The hearings began with Solicitor General Tushar Mehta, appearing on behalf of the State of Haryana, producing a list of states that had similar laws before the Bench consisting of Justices L. Nageswara Rao and B.R. Gavai. Andhra Pradesh, Maharashtra, Haryana and Jharkhand were the states that had enacted laws providing domicile reservations in the private sector. Mr. Mehta requested that the State be allowed to file a transfer petition bringing all these State laws before the Supreme Court. He further requested that the Court stay the Punjab & Haryana High Court’s Interim Order. He claimed that 38,000 workers had already registered under the Act, and that the Interim Order adversely affected them. He reiterated that the Act applied only to those employees who earned less that Rs. 30,000 per month.
Rao J interjected, emphasising the enormity of the law’s consequences. This law had the ability to affect the 4 crore migrant workers in the State. Mr. Mehta responded that the law was enacted precisely to regulate migrants from settling in the area. Migrants were responsible for slums and a host of other environmental issues. Importantly, he stressed, the High Court’s Interim Order does not record any reasons.

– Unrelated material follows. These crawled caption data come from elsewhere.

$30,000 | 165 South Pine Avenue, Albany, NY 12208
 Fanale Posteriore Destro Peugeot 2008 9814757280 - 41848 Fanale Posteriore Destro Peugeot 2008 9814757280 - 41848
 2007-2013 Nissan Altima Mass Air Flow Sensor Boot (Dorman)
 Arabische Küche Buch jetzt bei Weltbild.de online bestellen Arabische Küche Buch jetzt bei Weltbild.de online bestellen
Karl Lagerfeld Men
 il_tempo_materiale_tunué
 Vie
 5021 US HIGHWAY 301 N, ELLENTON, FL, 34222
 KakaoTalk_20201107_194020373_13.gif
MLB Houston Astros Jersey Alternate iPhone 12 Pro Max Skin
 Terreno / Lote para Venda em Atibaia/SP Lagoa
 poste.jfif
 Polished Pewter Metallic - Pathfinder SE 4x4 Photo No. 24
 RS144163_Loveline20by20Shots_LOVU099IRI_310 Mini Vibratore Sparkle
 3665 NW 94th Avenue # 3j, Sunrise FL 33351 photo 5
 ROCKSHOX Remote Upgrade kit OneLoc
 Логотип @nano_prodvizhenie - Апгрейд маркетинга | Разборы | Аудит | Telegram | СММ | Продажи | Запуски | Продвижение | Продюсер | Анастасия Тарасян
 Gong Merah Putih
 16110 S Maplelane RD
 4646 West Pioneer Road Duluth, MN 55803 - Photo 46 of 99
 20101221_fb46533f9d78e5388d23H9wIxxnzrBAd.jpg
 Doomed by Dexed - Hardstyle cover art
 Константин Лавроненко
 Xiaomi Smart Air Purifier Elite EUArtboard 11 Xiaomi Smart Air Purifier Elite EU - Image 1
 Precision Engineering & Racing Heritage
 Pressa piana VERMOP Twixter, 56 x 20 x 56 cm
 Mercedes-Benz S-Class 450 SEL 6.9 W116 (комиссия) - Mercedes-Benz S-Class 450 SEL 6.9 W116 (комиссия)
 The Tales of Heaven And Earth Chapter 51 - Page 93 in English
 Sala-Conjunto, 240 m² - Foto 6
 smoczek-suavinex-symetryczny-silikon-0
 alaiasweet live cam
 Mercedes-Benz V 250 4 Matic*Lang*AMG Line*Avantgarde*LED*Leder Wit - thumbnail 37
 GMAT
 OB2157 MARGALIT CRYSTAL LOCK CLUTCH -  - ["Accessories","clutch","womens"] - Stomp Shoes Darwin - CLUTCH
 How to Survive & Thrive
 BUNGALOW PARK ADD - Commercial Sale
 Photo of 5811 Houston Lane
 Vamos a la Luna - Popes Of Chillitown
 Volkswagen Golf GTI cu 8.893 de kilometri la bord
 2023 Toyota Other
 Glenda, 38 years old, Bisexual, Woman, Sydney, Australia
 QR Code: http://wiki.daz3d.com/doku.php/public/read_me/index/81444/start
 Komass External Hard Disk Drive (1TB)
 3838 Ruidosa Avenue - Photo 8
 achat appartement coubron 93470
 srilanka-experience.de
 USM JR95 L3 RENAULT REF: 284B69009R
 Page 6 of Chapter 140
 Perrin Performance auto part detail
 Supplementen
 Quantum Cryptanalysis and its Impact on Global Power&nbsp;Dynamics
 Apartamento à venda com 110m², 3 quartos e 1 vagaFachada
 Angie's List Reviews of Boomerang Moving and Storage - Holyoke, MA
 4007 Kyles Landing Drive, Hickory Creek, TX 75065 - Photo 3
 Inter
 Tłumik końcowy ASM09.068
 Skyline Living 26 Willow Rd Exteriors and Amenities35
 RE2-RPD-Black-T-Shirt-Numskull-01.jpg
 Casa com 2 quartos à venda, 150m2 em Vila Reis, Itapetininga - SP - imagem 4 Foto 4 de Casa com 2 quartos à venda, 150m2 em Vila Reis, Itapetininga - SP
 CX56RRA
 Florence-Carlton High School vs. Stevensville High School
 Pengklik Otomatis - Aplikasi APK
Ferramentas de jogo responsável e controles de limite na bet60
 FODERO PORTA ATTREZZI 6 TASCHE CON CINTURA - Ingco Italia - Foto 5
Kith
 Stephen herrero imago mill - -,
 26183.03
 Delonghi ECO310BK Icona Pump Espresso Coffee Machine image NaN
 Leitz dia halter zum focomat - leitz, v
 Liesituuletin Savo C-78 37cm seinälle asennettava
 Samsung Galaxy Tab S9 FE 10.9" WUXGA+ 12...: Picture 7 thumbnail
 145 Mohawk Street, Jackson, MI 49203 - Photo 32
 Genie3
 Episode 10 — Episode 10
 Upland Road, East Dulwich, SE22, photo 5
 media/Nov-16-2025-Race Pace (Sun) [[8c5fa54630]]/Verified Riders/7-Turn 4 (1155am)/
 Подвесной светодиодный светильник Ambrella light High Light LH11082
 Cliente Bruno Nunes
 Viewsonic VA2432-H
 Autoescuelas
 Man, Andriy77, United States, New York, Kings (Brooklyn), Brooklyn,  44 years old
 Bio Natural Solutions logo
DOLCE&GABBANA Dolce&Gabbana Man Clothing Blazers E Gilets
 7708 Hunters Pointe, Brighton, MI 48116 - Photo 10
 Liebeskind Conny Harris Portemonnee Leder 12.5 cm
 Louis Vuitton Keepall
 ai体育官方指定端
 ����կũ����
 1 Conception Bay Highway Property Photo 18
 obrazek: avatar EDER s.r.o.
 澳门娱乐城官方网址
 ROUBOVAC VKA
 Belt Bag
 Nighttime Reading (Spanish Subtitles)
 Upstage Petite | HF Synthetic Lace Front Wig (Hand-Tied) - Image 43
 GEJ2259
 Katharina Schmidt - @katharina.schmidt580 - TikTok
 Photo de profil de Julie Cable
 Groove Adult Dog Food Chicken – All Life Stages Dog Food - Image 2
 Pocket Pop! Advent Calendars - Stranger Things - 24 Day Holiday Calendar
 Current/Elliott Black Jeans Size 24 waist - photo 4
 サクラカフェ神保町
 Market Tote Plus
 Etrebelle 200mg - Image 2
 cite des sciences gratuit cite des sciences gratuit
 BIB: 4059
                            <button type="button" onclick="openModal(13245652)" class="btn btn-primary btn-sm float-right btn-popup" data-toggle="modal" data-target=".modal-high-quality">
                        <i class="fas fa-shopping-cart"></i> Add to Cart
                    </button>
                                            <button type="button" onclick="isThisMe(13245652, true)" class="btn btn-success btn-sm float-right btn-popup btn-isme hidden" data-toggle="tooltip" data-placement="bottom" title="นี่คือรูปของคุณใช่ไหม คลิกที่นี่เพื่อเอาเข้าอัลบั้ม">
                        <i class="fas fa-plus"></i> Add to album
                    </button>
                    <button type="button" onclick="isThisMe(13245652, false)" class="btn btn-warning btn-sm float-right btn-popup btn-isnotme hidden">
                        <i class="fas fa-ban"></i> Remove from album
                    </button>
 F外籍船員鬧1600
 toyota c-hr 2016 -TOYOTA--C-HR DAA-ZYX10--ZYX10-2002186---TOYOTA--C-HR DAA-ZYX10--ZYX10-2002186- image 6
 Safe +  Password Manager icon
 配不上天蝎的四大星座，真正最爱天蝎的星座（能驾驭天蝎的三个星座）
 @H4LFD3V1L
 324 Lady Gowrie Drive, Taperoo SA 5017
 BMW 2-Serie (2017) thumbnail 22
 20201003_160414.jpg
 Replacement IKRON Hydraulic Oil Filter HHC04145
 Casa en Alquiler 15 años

The Court appeared to side with this argument, with Rao J saying that a law may be set aside only on grounds of patent illegality or unconstitutionality. There is a presumption of the constitutionality of a statute. The High Court Order did not appear to provide any reasons.
Mr. Dave said that the High Court was anyway due to hear the matter on April 18th. He stated vociferously that as per Article 16(3) of the Constitution of India, 1950, only Parliament was empowered to create such a law. The Haryana Act was void ab initio.
Justice B.R. Gavai said that the larger question at stake is not Article 16(3) but Article 19(6) of the Constitution, which deals with the reasonable restrictions that may be imposed on the Right to Trade.
The Bench expressed consternation at the absence of reasoning in the High Court’s Order. Mr. Shyam Divan in response proposed three possible courses of action. First, he said that the Supreme Court could order the High Court to hear the case on a day- to-day basis. In the alternative, the Court could treat the High Court’s Order as an Ad Interim Oder, directing the High Court to provide a detailed explanation of its Order. Finally, he suggested that in the event that the Supreme Court decided to vacate the High Court’s Interim Order, the Supreme Court may direct that no coercive steps may be taken against employers who failed to follow the provisions of the Act. He grew increasingly emphatic, raising his voice perceptibly while declaring that the Act attacked the very idea of India as a Constitutional unit.
The Supreme Court adopted Mr. Divan’s third course of action. It stated that the Interim Order of the Punjab & Haryana High Court would be set aside, and in the meantime no coercive steps would be taken against employers under the Act.
The Special Leave Petition filed by the State of Haryana was dismissed, and the High Court was directed to hear the matter expeditiously.